Pas tout à fait convaincant, même si parfois interessant, le projet de l’Opéra de Halle/Saale sur le Grand Opéra de meyerbeer. vu

Halle,  le 29 juin 2019 - Aujourd’hui même, la jeune capitaine Carola Rackete a bravé tous les interdits, quitte à aller en prison pour amarrer à Lampedusa la Sea Watch 3 qui avait à son bord 53 personnes sauvées en mer, fugitifs de guerres et misères: une réflexion sur le passé colonisateur de l’Europe s’impose certainement.

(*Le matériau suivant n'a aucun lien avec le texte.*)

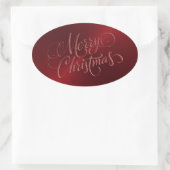 Vrolijk kerstrood Sticker in reliëf (Tas)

L’Opéra de Halle/Saale a entrepris un projet ambitieux dans ce sens, basé sur le Grand Opéra L’Africaine de Giacomo Meyerbee, décortiqué en quatre parties dont nous assistons à la dernière.

Conçu comme un essai de „dé-coloniser” l’opéra, ce spectacle ne peut pas se décider s’il est un spectacle ou une discussion publique: un groupe de personnages hétéroclites, les chanteurs de l’opéra de Meyerbeer, le metteur en scène et le librettiste du spectacle revisité ainsi que divers personnages d’origine africaine, se retrouvent sur scène. On chante une scène de Meyerbeer, puis on discute le fond raciste ou colonialiste de celle-ci. On discute, on se fâche, on reprend… Parfois c’est drôle, un peu auto-ironique (notamment le ténor qui joue Vasco Da Gama), parfois c’est franchement ennuyeux. Parfois cela pourrait prendre des tournures inattendues et modernes, quand intervient un choeur contemporain sur un texte poétique, composé par le sud-africain Richard van Schoor qui a tout récemment remporté un succès éclatant et prouvé sa vocation comme compositeur d’opéras; ces interventions sont d’une teneur musicale profonde et dramatique et pourraient mener tout le spectacle vers une vraie réflexion, voire une espèce de crise cathartique. Hélas, elles sont trop peu nombreuses. La plupart de la soirée est finalement centré sur Meyerbeer. Une fois la première perplexité passé, on comprend le concept, on se contente de jouir de la musique, fort belle et fort bien exécutée, et finalement on est d’accord avec les acteurs quand ils déclarent forfait: ceci n’est pas la bonne méthode pour exorciser l’opéra en tant que genre musical et bourgeois, de son passé. Le projet, nous avait-on dit lors de l’introduction, poursuivra avec une deuxième série de spectacles à Lübeck, dont un opéra entier de la plume de van Schoor - nous nous promettons d’aller voir sur place. Ce sera peut-être plus concluant.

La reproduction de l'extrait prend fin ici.